Я мученически закатила глаза. Великолепно. Вместо шанса спасти наших мужиков, мы получаем бабки. Что бы в этом мире не происходило, все равно в конечном итоге все сведется к бабкам. А как же простые человеческие отношение? Тепло дружеской компании? Вечные семейные ценности? И потом – где мы им найдем покупателей на их Яичкина? Младенцу понятно, что если целая группа людей не может найти для чего бы то ни было покупателя в течение трех лет, дело это довольно тухлое. Судя по выражению бабулиного лица, она думала о том же самом.
– Вряд ли мы пойдем на ваши условия, – ухмыльнулась бабуля, – но, позвольте поинтересоваться, какую вы определили нам долю?
– Шесть процентов от общей суммы сделки.
– Знать бы еще, сколько это в деньгах, – просвистела мне на ухо Катерина, всецело захваченная открывшимися перед нами перспективами.
– Ха, – пробасила бабуля, – ха-ха-ха. Шесть процентов, – она повернулась к нам, – девочки, вы слышали, шесть процентов!
Я сделала страшные глаза, мол, дорогая бабуля, сейчас же перестань заниматься тем, чем ты занимаешься. Но какое там. Бабуля, оскорбленная выделенными нам шестью процентами, самозабвенно выбивала для нас лучшие условия по всем правилам нелегкой науки выбивания лучших условий. Стоит ли напоминать, что по большому счету мы понятия не имели почем нынче на рынке художества Яичкина и зачем вообще нам все это нужно.
– Девочки, мы уходим, – объявила бабуля, – мне от них смешно. – Она принялась подниматься, но Перевалов мягко остановил ее.
– Назовите ваши условия.
– Тридцать пять, – с видом римского патриция бабуля закинула на плечо край своего манто, – и ни процентом меньше.
– Семь, – невозмутимо продолжил Перевалов.
– Тридцать четыре, – не моргнула глазом бабуля.
– Это надолго, – шепнула я Катерине, – на пятнадцати сговорятся.
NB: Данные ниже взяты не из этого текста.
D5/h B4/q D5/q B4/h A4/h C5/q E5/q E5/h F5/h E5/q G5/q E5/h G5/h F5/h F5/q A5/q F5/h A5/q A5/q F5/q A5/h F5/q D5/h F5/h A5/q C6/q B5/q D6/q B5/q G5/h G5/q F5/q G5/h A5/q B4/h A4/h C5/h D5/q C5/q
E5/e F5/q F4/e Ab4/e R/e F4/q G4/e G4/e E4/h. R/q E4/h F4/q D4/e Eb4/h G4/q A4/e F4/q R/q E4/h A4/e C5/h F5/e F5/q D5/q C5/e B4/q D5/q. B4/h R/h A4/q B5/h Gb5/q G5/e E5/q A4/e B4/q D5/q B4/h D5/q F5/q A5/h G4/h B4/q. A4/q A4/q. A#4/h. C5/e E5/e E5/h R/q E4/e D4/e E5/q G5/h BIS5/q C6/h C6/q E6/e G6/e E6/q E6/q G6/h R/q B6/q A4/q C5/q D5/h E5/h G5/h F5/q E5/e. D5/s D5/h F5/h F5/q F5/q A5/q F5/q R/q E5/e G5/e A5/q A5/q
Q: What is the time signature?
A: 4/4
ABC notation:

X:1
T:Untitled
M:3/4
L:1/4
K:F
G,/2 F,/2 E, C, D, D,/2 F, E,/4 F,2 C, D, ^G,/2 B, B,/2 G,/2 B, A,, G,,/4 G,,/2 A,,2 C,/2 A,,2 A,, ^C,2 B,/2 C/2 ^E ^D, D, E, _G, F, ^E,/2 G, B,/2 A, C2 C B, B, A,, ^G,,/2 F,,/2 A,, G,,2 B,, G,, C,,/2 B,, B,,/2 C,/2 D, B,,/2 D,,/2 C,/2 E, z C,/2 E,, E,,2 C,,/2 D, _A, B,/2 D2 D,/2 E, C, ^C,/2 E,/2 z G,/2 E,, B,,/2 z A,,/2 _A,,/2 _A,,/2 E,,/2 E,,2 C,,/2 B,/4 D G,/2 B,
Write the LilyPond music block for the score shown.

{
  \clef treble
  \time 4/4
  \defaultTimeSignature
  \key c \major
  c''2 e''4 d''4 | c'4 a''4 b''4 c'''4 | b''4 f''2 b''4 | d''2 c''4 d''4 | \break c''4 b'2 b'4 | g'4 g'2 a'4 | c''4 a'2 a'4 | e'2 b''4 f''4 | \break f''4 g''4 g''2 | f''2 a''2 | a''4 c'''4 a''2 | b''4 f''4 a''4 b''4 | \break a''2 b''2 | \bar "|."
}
– Здорово… – с сомнением протянула Катерина. Она тоже не совсем понимала, в какой момент из спасателей наших мужиков мы превратились в посредников по продаже «Автопортрета».
Бабуля с Переваловым продолжали выкрикивать свои цифры, Зямочка явно скучал. Сонным взглядом шарил он по своему гаражу, рассматривал карту и с трудом сдерживал зевоту. По его виду можно было понять, что подобные сцены он видел не раз.
– Пятнадцать, – объявил Перевалов.
– Девятнадцать, – упорствовала бабуля.
– Пятнадцать, – стоял на своем Перевалов.
– Семнадцать и ни одним процентом меньше, – бабуля была спокойна, как летчица.
– Слушай, – прошептала Катерина, – может, у нее и правда есть покупатель?
– Вряд ли, – сокрушенно ответила я, – скорее всего она собирается толкнуть бандитам их же Яичкина.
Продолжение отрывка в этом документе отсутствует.